Se lode e supplica sono
la totalità della preghiera, se la supplica è finalizzata alla lode, da cui è
come avviluppata, resta però un caso in cui questa armonia non si raggiunge. Il
salmo 87 è solo supplica, e supplica angosciata e disperata, in cui non possono
trovare posto la lode e il ringraziamento. Il finale non lascia adito a dubbi.
"Hai allontanato da me amici e conoscenti,/mi sono compagne solo le tenebre”.
Vorrei credere che questo salmo non fosse che la parte di un più ampio
componimento, e che la divisione canonica avesse lasciato il testo incompiuto.
Dal momento però che nessun commento autorevole (né quello della "Bible de
Jérusalem" né quello della “Traduction oecuménique de la Bible")
accennano ad una simile ipotesi, devo accettare tale anomalia che mi lascia
perplesso e sgomento. Anche fra gli autori ispirati, quindi, vi è stato chi ha
conosciuto il dubbio metafisico, chi non è stato illuminato dalla speranza.
Certo, può trattarsi di un episodio nella vita di un poeta sacro, e la speranza
può essere rinata, non però nello stesso salmo, come avviene negli altri casi.

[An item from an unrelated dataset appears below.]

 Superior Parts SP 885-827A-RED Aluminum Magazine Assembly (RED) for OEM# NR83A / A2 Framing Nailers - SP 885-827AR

Avviene anche nella nostra vita e nella storia che certe situazioni siano come
conchiuse in negativo: lo sterminio di milioni di.Ebrei nella Seconda Guerra
Mondiale fa parte certo del disegno di salvezza di Dio, ma questo passa
attraverso un cammino tanto paradossale che non si riesce a trovare nessuna
spiegazione umana a tale fatto, anzi, non si riesce neppure ad accettarlo, ed
anche se si levano le mani verso Dio per la preghiera, questa non ha il suono
della lode, ma della domanda angosciata che, non ricevendo risposta,
spasima nell'interrogativo:
"perché, perché?”. Dio ci perdona certo questi momenti di troppo audace
interpellazione, perché sa che il parossismo della sofferenza ci inebria come
il vino forte.
Soltanto Gesù può del resto rendere la vera lode, perché soltanto lui è disceso sino in. fondo alla morte, alla morte sua ed a quella di tutti gli uomini, e così ha dato senso alla nostra morte ed ha salvato per sempre la nostra gioia. L'autore del salmo 87 non poteva sapere che la morte si vince solo con la morte (“thanàto thànaton patìsas”, ossia "con la morte calpestando la morte” si canta nel tropario di Pasqua nella liturgia bizantina). E tante volte anche noi lo dimentichiamo, invece di fare come lui, che pregò il Padre per essere liberato dalla morte; e Dio lo esaudì, dichiarandolo risuscitato: “Durante la sua vita terrena, Gesù si rivolse a Dio elle poteva salvarlo dalla morte, offrendo preghiere e suppliche accompagnate da forti grida e lacrime. E poiché Gesù era sempre stato fedele a lui, Dio lo ascoltò. Benché fosse il Figlio di Dio, tuttavia imparò l'ubbidienza da quel che dovette patire" (Eb 5,1-8).